Letters from Drunvalo 1.9       
 
Beginning of the End of Time — Part IV

Rainbow Around the Sun
 
 
Letters from Drunvalo Volume 1 Issue 9
© Spirit of Ma'at 2003

So far, the predictions from the Mayans, and others, of major Earth changes before the end of this year have not manifested. But we feel to stay awake and watch the events of the next three months. We will keep you informed.

And now, we will resume our story of the adventures of our small group of International friends who are following the instructions of both the Mayans living on the surface today and the Mayans who are inside the Earth in another dimension.

Journeying South

The day after the Solstice Celebration at Chichen Itza — and with the ceremonies and prayers still lingering in our hearts — we left the Mayaland Hotel and turned our faces toward Quintana Roo. On this day, we would journey toward the Fifth-Chakra Mayan site at Tulum (just as the Fifth Chakra in the body is all about speaking one's truth, so Tulum is the Mayan center for sound, and for the vibration and harmonies of music). On the way to our hotel, a resort on the Mexican Caribbean, we would visit Coba — perhaps the largest site in the Yucatan, although much of it remains to be excavated. And later in the afternoon, we would make the trek to one of Quintana Roo's hundreds of cenotes, on private land, hidden deep in the jungles near Tulum.

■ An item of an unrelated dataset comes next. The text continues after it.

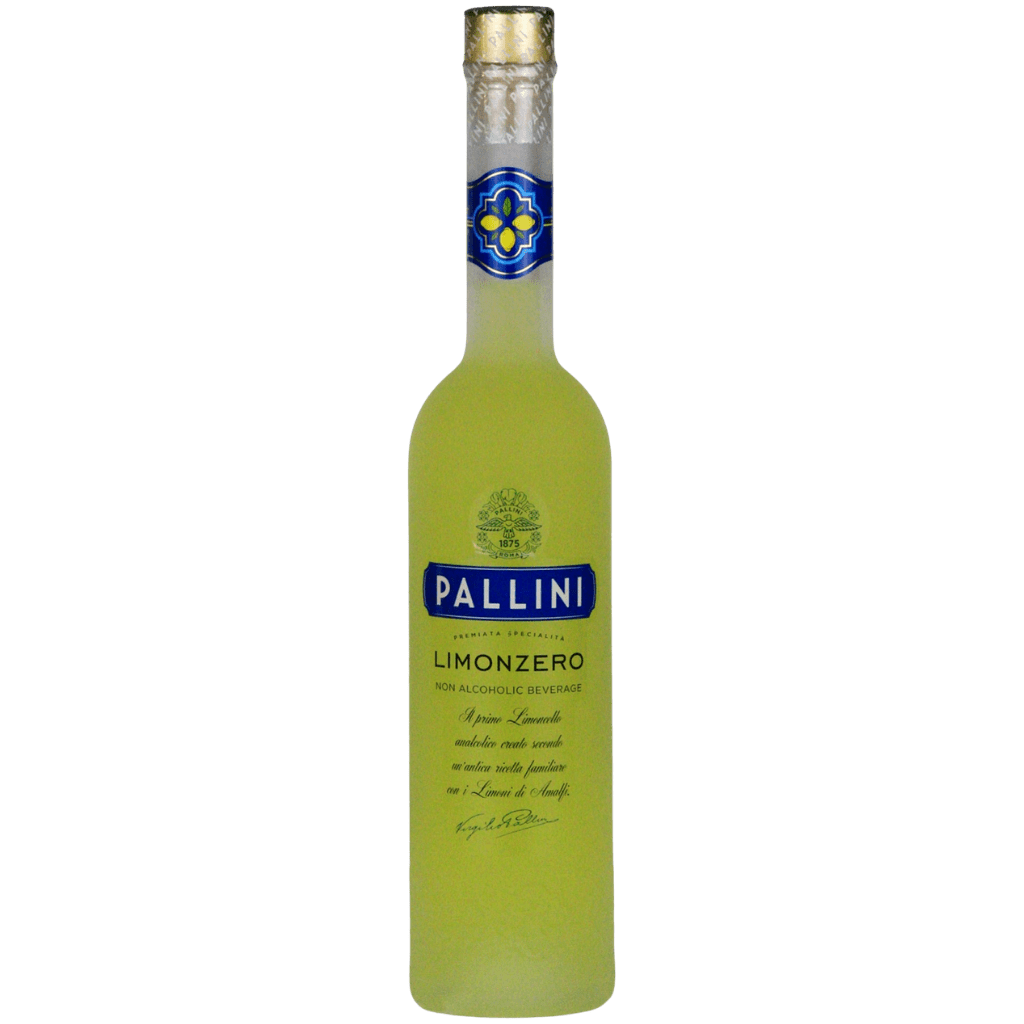 Limonzero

As we slowly made the long drive to Coba, we had — after so many surprises — given up our expectations. Childlike, all we brought with us now were open hearts and open eyes. We were simply waiting for God to show us our next responsibility.

Exploring an Ancient City

At Coba, we found a compound surrounded by small palm-thatched open-air eating places, where we had lunch. One of the specialties served there was fresh coconut milk, which was sipped through a straw straight from the coconut itself. After lunch, we entered the temple site of Coba.

Coba is an impressive place, covering nearly 50 square miles, and once home to an estimated population of 40,000 Mayans. The huge ancient city that originally surrounded Coba was so big that if we could see it as it was just over a thousand years ago, we would probably change our concepts of who the Mayans were. Looking out from the top of Coba's Great Pyramid — Nohoch Mul — we can see all the evidences of an extremely advanced civilization.

SacBe from Koba to KukilkanOur guide, Umberto, described for us one interesting feature of Coba: This site was the hub of a system of incredibly sophisticated ancient roads, called Sacbe (pron. sock-bay), roadways of stone built to a height of one or two meters and covered with mortar. Most of the mortar is gone, now, but many of the Sacbe stones remain in place. Umberto had been pointing them out to us along our journey, but here was the culmination. In truth, at the height of Mayan civilization, "All Sacbe led to Coba."

The existence of these roads, Umberto noted, was puzzling in that the Mayans had no form of wheeled travel, or even horses. Perhaps the roads were used for religious processions. Most certainly, their patterns are related to the Mayan calendar. They seem to be parts of a huge astronomical "time machine."

One of the delights at Coba is the bicycle cars. Those visitors who do not wish to make the long trek from the gates of Coba to the Great Pyramid may ride in these cars. Propelled by human effort, they are very much like four-wheeled rikshas, except that the driver pedals them rather than pulling them on foot. We did not see these anywhere else in the Yucatan.

In Coba, I approached the Great Pyramid, Nohoch Mul, wondering if it would be anything like what I had seen when I was there years before.

In 1985, the Great Pyramid had been nothing more than a small stone house on top of a large hill. Today, I saw it completely revealed, the tallest pyramid in the Yucatan. It was hard to believe!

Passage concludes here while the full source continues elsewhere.